RECORD SET ▸
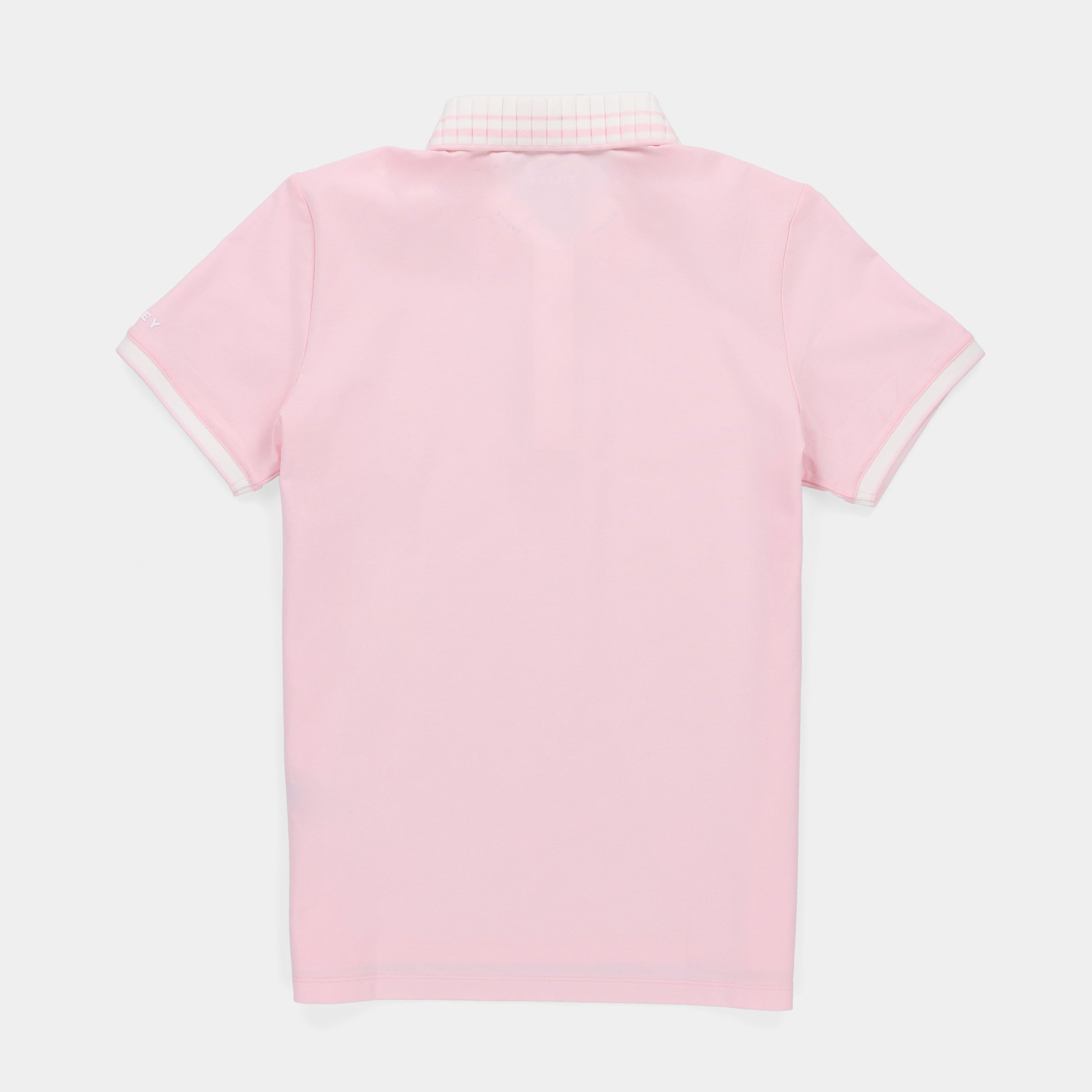 Tilley Team Polo 恤 產品細節圖 10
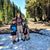 Meghan Welden Darby's profile image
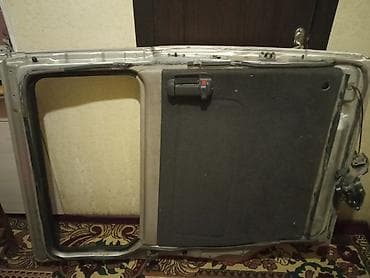 step 2: Степ рв1 дин эшиги сатылат общивкасы бар эки ролиги бар — 2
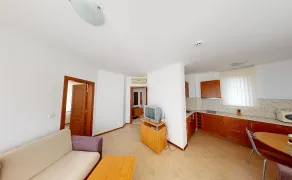 bay-view-villas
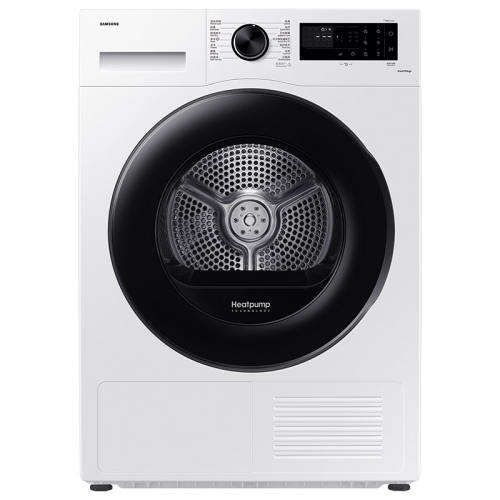 ¹ AI»5ϵ10kgȱú5099.47Ԫ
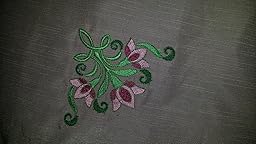 Amazon.com: World Weidner Cut Away Machine Embroidery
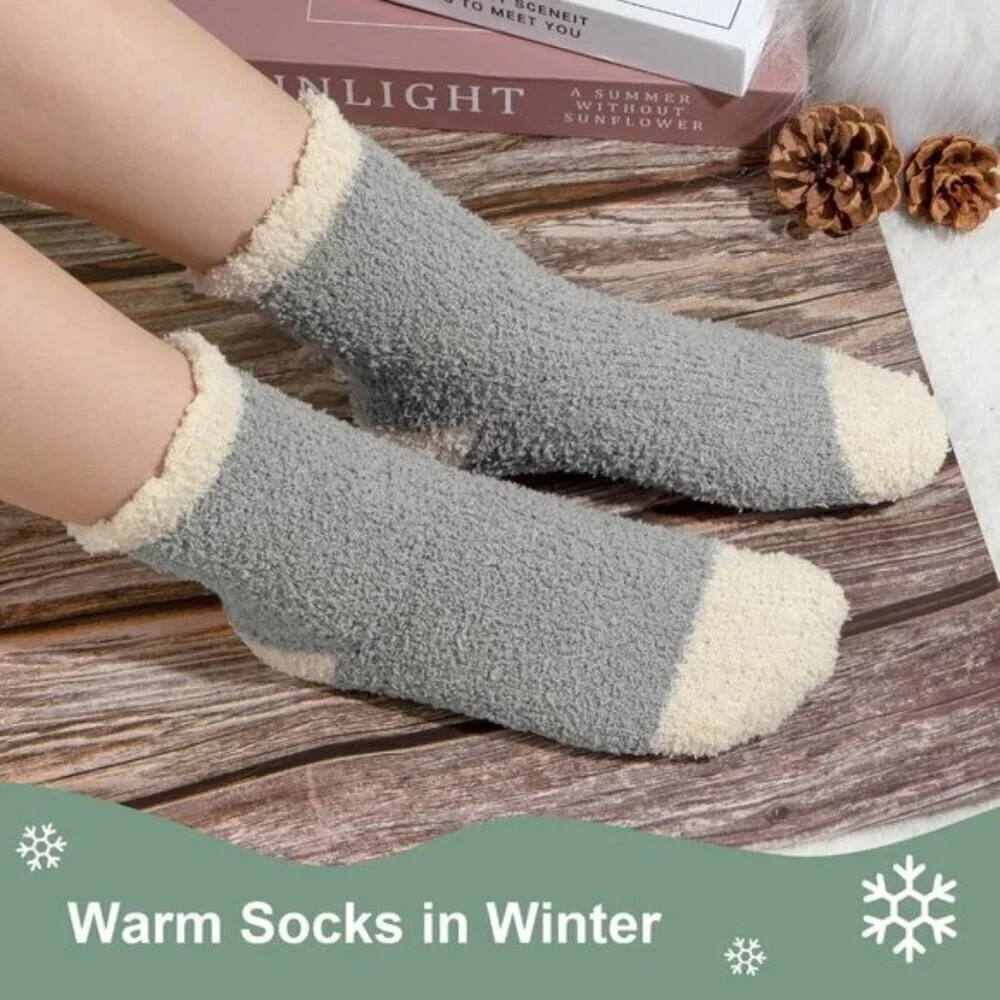 N/A stay warm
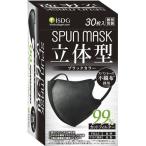 衛生用品マスク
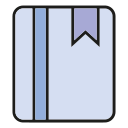 libro icon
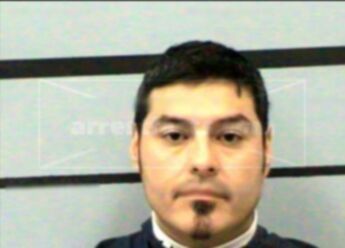 Paul Gabriel Gonzales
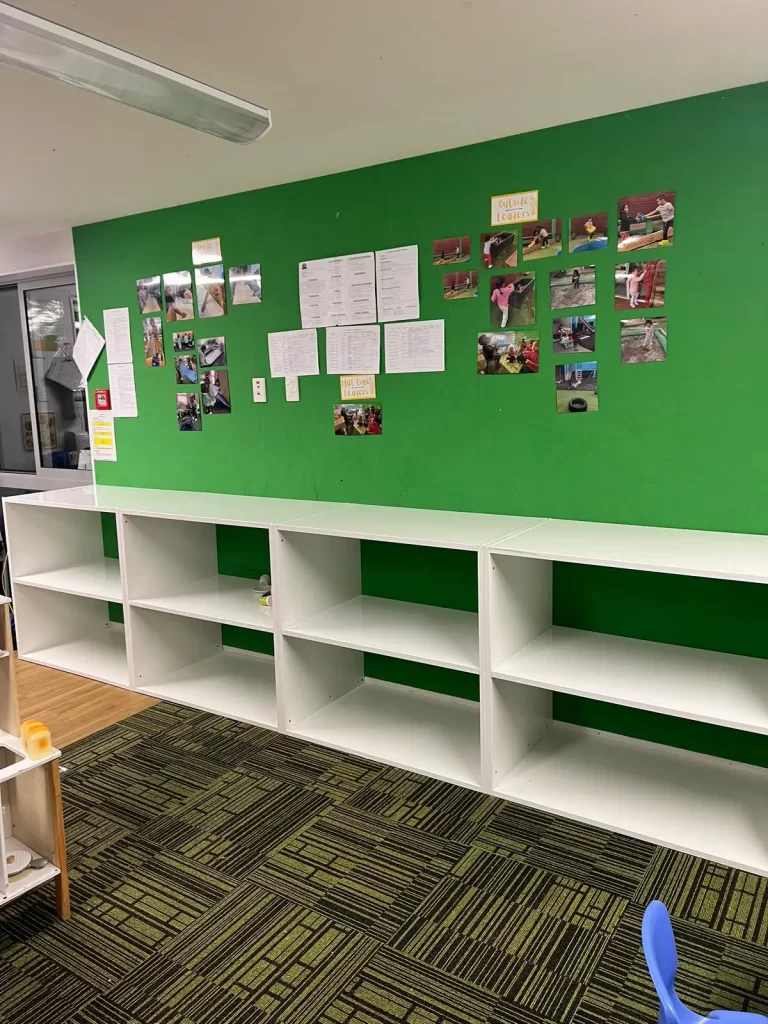 custom-built-wardrobes-gimg7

ACTIVITY ▸ Omitting all pictures, restate word for word the lines from the one containing "step 2: Степ" through the last line of the data.

RESPONSE TO THE EXERCISE ▸
 step 2: Степ рв1 дин эшиги сатылат общивкасы бар эки ролиги бар — 2
 bay-view-villas
 ¹ AI»5ϵ10kgȱú5099.47Ԫ
 Amazon.com: World Weidner Cut Away Machine Embroidery
 N/A stay warm
 衛生用品マスク
 libro icon
 Paul Gabriel Gonzales
 custom-built-wardrobes-gimg7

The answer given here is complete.